To nie pierwszy raz 29-latka na szklanym ekranie, bo zadebiutował już siedem lat temu u Tadeusza Sznuka w programie 1 z 10, gdzie doszedł do drugiej rundy. Młody mężczyzna przyznaje, że nie o wygraną tutaj chodzi, a o zabawę i nowe doświadczenia.
Zgłoszenie do Koła Fortuny było podyktowane chęcią sprawdzenia swoich własnych umiejętności i tego, czy na żywo odgadywanie haseł pójdzie mu równie dobrze, jak na kanapie przed telewizorem. Potem trzeba było jeszcze pozytywnie przejść dwuetapowe eliminacje składające się z testu wiedzy i rozmowy kwalifikacyjnej, w której oceniane są predyspozycje każdego kandydata do udziału w programie telewizyjnym.

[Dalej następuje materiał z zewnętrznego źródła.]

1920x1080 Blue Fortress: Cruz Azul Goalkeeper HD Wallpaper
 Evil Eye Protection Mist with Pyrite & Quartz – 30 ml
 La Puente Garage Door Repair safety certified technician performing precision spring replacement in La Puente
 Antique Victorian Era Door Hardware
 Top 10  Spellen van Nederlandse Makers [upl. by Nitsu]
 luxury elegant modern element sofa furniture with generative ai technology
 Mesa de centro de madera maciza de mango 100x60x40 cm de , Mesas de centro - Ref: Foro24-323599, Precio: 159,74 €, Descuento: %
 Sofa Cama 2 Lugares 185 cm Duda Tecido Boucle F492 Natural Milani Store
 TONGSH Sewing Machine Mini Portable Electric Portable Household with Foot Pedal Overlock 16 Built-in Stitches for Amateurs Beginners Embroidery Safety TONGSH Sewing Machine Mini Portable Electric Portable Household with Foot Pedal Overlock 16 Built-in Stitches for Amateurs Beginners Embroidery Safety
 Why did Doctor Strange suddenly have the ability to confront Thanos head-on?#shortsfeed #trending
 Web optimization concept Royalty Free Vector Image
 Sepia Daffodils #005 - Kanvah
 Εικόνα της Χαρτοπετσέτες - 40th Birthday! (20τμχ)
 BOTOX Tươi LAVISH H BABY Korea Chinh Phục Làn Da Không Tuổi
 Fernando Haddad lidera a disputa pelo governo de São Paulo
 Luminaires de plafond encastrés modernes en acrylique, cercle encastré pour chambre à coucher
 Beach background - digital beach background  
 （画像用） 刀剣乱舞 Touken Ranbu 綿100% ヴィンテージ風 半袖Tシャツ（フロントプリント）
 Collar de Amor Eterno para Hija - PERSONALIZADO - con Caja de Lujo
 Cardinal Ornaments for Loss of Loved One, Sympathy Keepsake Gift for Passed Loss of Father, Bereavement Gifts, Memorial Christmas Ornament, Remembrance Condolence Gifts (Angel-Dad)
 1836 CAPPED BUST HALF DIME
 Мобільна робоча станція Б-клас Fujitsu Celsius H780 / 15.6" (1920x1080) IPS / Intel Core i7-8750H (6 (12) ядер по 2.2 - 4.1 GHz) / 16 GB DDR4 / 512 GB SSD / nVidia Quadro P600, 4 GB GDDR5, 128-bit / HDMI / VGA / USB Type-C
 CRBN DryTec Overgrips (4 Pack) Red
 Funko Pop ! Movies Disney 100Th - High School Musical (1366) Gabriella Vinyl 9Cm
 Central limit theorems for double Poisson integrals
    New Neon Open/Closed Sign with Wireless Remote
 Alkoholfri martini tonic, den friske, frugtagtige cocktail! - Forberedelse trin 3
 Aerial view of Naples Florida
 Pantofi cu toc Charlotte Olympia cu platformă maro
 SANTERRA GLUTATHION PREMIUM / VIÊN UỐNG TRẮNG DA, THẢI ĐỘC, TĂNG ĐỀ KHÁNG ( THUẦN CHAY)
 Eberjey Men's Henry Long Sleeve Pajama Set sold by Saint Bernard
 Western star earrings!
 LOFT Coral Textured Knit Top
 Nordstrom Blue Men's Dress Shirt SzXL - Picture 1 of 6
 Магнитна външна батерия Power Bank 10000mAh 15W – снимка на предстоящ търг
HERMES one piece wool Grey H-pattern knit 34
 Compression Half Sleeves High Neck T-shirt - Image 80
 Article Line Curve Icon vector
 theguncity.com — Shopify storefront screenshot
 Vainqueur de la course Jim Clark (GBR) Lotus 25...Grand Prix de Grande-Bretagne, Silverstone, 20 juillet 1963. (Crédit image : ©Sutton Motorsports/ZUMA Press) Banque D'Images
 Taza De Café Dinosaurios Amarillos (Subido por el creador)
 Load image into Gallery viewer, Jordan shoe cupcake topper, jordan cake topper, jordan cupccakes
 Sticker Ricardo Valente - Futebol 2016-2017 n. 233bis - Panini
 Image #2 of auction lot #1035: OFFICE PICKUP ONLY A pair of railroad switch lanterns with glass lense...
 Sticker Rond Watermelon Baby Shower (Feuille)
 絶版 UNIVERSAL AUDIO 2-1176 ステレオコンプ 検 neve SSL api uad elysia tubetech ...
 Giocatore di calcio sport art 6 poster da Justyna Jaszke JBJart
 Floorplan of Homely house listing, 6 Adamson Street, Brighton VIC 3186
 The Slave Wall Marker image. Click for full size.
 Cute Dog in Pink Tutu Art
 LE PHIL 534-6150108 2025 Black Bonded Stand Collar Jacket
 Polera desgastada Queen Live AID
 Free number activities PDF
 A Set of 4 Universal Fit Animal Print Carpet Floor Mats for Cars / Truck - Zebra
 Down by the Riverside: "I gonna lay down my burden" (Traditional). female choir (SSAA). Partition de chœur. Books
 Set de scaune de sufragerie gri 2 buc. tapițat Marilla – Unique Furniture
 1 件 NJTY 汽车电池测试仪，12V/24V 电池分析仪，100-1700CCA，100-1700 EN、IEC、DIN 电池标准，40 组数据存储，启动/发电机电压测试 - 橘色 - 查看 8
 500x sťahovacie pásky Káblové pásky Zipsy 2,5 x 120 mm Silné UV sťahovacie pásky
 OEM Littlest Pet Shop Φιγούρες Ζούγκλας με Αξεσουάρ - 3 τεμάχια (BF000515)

I cóż tu dużo mówić, młody mieszkaniec gminy Lipinki dostał się do teleturnieju bez większych trudności. Jak mu poszło? Musicie sprawdzić sami, bo takich szczegółów nie można zdradzać przed emisją odcinka z jego udziałem.
My już teraz gratulujemy mu odwagi! No bo kto z nas miałby jej na tyle, żeby spróbować swoich sił w teleturnieju, który regularnie ogląda się w wielu domach w Polsce?
Znakomici prowadzący i ekipa tworząca program, do tego świetna atmosfera w studio, dokonała zabawa i kolejne doświadczenie, które zostanie ze mną na zawsze. Polecam każdemu! – podsumowuje Krzysztof Witek.